Mademoiselle Phoscao renaît au Poste Parisien
Quatre ans passent. Puis, le 28 septembre 1937, Mademoiselle Phoscao revient sur les ondes, cette fois au Poste Parisien. L’époque a changé, les enfants aussi, et l’émission adopte un format plus moderne. Deux animateurs populaires, Jaboune (Jean Nohain) et Babylas, encadrent une nouvelle Mademoiselle Phoscao âgée de 16 ans, choisie après un concours. C’est la plus jeune animatrice de radio en France et au détour d’une interview, on ne connaît que son prénom, Annette.

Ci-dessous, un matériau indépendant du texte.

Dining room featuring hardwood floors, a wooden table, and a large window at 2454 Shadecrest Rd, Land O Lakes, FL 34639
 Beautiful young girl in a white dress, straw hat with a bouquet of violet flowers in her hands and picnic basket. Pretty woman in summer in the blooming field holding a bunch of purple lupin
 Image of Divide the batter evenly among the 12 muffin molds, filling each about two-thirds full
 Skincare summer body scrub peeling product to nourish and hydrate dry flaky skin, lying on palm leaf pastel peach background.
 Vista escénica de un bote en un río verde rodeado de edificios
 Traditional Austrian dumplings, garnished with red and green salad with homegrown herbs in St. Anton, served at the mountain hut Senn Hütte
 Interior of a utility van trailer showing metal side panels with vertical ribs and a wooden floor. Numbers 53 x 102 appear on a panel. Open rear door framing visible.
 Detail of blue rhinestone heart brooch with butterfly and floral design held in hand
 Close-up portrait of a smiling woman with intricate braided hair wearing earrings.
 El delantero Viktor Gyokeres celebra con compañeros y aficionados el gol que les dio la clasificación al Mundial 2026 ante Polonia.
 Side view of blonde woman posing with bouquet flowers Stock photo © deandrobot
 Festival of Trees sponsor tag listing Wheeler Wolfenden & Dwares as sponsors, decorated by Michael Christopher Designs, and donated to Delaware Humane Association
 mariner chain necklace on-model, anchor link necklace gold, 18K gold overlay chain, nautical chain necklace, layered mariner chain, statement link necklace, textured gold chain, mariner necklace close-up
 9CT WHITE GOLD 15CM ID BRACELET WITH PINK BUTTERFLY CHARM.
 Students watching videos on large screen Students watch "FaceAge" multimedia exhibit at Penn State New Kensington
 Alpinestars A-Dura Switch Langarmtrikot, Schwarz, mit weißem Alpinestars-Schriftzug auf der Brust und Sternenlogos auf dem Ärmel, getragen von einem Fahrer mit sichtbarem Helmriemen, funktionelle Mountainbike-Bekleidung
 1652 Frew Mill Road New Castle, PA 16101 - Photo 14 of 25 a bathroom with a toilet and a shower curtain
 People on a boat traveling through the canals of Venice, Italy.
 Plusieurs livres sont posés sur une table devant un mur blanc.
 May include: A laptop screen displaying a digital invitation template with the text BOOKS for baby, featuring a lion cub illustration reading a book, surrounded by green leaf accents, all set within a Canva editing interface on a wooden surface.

L’enregistrement a lieu dans les studios de Foniric, au 22 rue Bayard, qui deviendra plus tard le siège de RTL. La diffusion est programmée le jeudi soir entre 18 h 25 et 19 h, ce qui en fait une émission de début de soirée, inscrite dans un véritable rituel familial.
Phoscao s’évapore
L’élan est brisé par la guerre. Comme de nombreuses productions radiophoniques, la demi-heure de Mlle Phoscao disparaît des grilles, sans reprise après la Libération. La marque Phoscao est alors concurrencée par d’autres boissons chocolatées et finira racheté par ce qui est devenu aujourd’hui le Groupe Cémoi. Elle aura pourtant marqué près d’une décennie de présence plus ou moins continue, au croisement de la publicité, du divertissement et de la pédagogie douce.
Et si vous vous faisiez un Phoscao à la maison ?
Voici la recette du Phoscao adaptée aux ingrédients d’aujourd’hui.
Pour environ 6 portions :
• 125 g de cacao en poudre non sucré (type Van Houten ou équivalent)
• 200 g de sucre de canne blond
• 15 g de phosphate de calcium (remplaçable par une pincée de poudre de lithothamne ou un complément de calcium alimentaire)
• 125 g de farine de riz (ou crème de riz instantanée)
• 125 g de farine d’orge mondé (ou flocons d’orge mixés finement)
• 60 g de fécule de pomme de terre (ou Maïzena)
Préparation
1. Mélanger tous les ingrédients secs dans un grand bol.
2. Conserver dans un bocal hermétique à l’abri de l’humidité.
3. Pour une tasse : diluer 2 à 3 cuillères à soupe du mélange dans 250 ml de lait chaud (végétal ou animal), en fouettant pour éviter les grumeaux.
4. Laisser épaissir légèrement à feu doux, puis servir chaud.